United States v. Coronado

461 F. Supp. 2d 1209, 2006 U.S. Dist. LEXIS 83549, 2006 WL 3335559
CourtDistrict Court, S.D. California
DecidedNovember 15, 2006
Docket06cr0298 JM
StatusPublished

This text of 461 F. Supp. 2d 1209 (United States v. Coronado) is published on Counsel Stack Legal Research, covering District Court, S.D. California primary law. Counsel Stack provides free access to over 12 million legal documents including statutes, case law, regulations, and constitutions.

Bluebook
United States v. Coronado, 461 F. Supp. 2d 1209, 2006 U.S. Dist. LEXIS 83549, 2006 WL 3335559 (S.D. Cal. 2006).

Opinion

ORDER DENYING MOTION TO DISMISS INDICTMENT

MILLER, District Judge.

Defendant Rodney Adam Coronado (“Coronado”) moves to dismiss the indictment charging him with violation of 18 U.S.C. § 842(p)(2)(A), Distribution of Information Relating to Explosives, Destructive Devices and Weapons of Mass Destruction, on grounds that the statute is impermissibly overbroad and excessively vague. The Government opposes the motion. For the reasons set forth below, the court denies the motion to dismiss the indictment.

BACKGROUND

On February 15, 2006, Coronado was charged in a single count indictment with violation of 18 U.S.C. § 842(p)(2)(A), Distribution of Information Relating to Explosives, Destructive Devices and Weapons of Mass Destruction. The indictment alleges that on August 1, 2003, Coronado “did teach and demonstrate the making and use of a destructive device and did distribute by any means, information pertaining to, in whole or in part, the manufacture of a destructive device, with the intent that the teaching, demonstration, and information be used for, and in furtherance of, an activity that constitutes a federal crime of violence, to wit, arson.”

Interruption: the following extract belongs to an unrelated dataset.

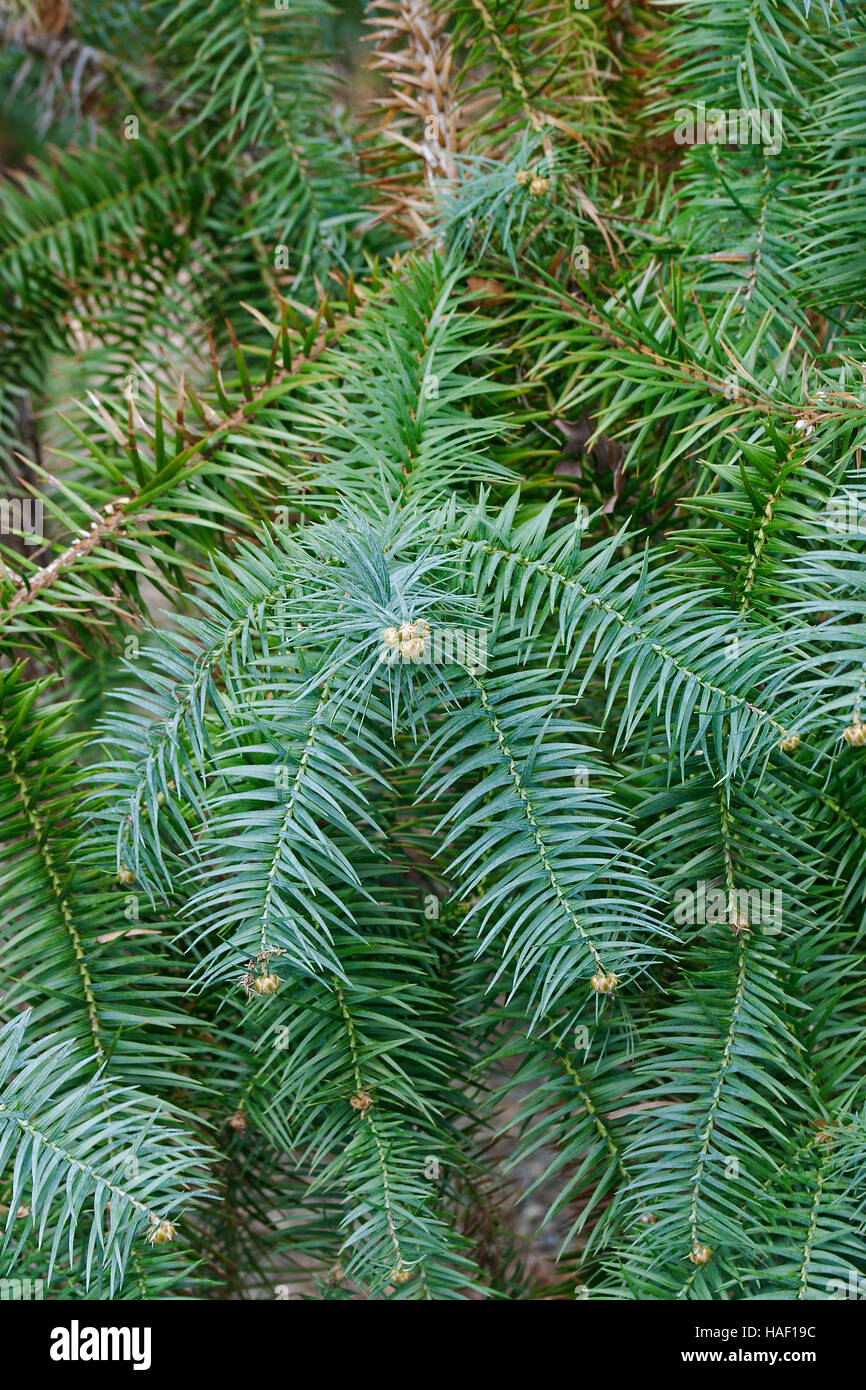 Blue-needled china fir Stock Photo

The parties identify the following events and background information. As the identified facts appear to be largely undisputed by the parties, they will be considered as true for the purpose of addressing the current motion to dismiss the indictment. Coronado is a self-characterized radical animal and environmental rights activist. In 1992 Coronado participated in an action that destroyed fur-industry research facilities involved in animal testing at Michigan State University. Coronado pled guilty and was sentenced to 57 months incarceration.

On August 1, 2003 Coronado gave a lecture on militant animal and earth liberation rights at the Lesbian Gay Bisexual Transgender Center located in the Hill-crest area of San Diego, California. The flyer promoting the lecture indicated that Coronado was an individual who “lives by the principles of direct action. Rod Coronado talks beyond theory.” (Motion, Exh.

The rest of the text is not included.